コロナ禍で先の見えぬ日々を過ごす中、辛くてどうにもならないよう思えることが多々ありました。そんな時でも、手を伸ばせば握り返してくれるのが音楽。音楽は心の「栄養」ではなく「水」なのではないかと思う今日この頃です。ライフソース、心が生きる上で必要不可欠なもの。少なくとも自分にとってはそういうものであると認識させられた時期でした。

今回取り上げるのは、フリートウッド・マックの1987年作、『Tango In The Night』です。

実はこのアルバムと本格的に出会ったのはかなり遅いです。これまで「私の大切なアルバム」で取り上げた二枚はどちらも中学生の時に出会ったものですが、これは大学に入ってから。研究職を目指していた私は嬉々として大学に飛び込んで、その生活を満喫していました。大学生活のすべてが好きだった。授業も友達と過ごしている時も、教授の研究室にお邪魔して本筋から脱線しながらいろいろな話を聞いている時間も、最高に楽しかった。なのに突然、大学に行けなくなったのです。身体が動かない。行けば楽しい時間が待ってるのに。なぜ行けなくなったのかさっぱりわからなかった。行きたくて行きたくて、叫び這いつくばりながら部屋の外まで出て、力尽きるなんてこともありました。結果、うつ病と診断され休学、その後復学するも一週間足らずで行けなくなりまた休学、二度目の復学チャレンジでは面接のアポイントに行けず、途方に暮れていました。自分の将来がどうなるのかわからない。19歳の時でした。その時まで、研究職とか限らずとも何らかの目標が常にあって、そこに向けて動いているのが当たり前だった自分には、将来が見えないというのはとても怖かったのです。

そんな時心の支えになったのは、やはり音楽でした。特に、一日のほとんどをベッドから動けず過ごし、自ら聴きたいアルバムを選ぶ気力すらないときに私を生かしてくれたのは、音楽ラジオでした。

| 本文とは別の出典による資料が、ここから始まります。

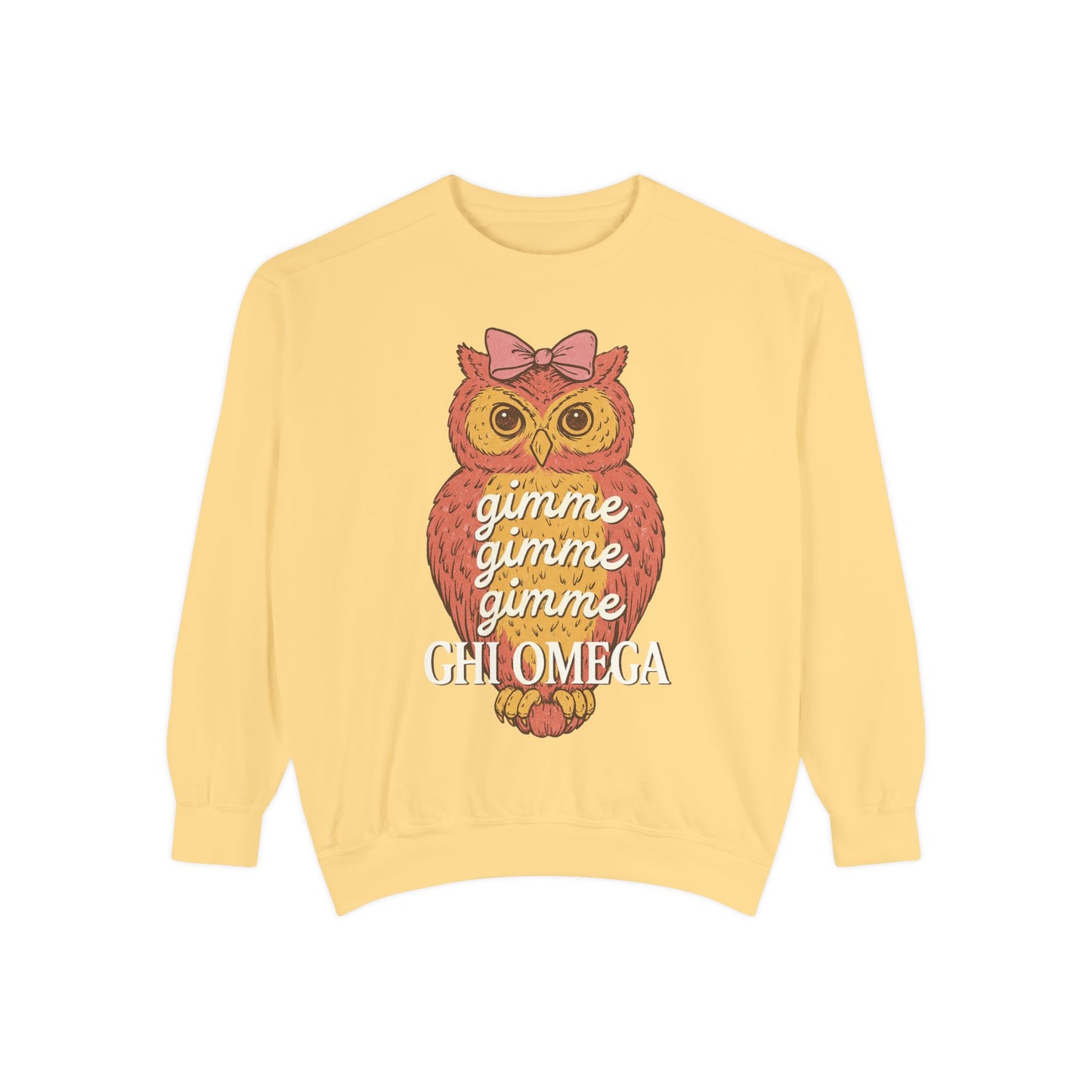 Gimme Gimme Owl Sweatshirt, Unisex Sweatshirt, Sorority Apparel, Cute Owl Design, Cozy Gift, College Sweatshirt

『Tango In The Night』と一番最初に出会ったのは、中学か高校の頃です。レンタルして一周聴いたかもあまり記憶にない。もしかしたらCDをインポートしたまま聴かずにパソコンが壊れ、データが消えたかもしれない、その程度のおぼろげなものでした。

時は流れ、不安のなか音楽ラジオを聴いていた時、流れてきたのがこのアルバムのラストに収録されている"You And I, Part II"という曲でした。あまりの美しさに涙が溢れました。こんなに感情が動いたのはいつぶりだろう、と思いながら、この曲ばかりをリピートする毎日でした。ちょうどこの頃、サブスクリプション・サービスを使い始めたときで、アルバムへのアクセスもレンタルに頼っていた時期よりかなり楽になっていました。そんなこともあって、ふとアルバムを聴いて以来、私の心とともにある大切な一枚となりました。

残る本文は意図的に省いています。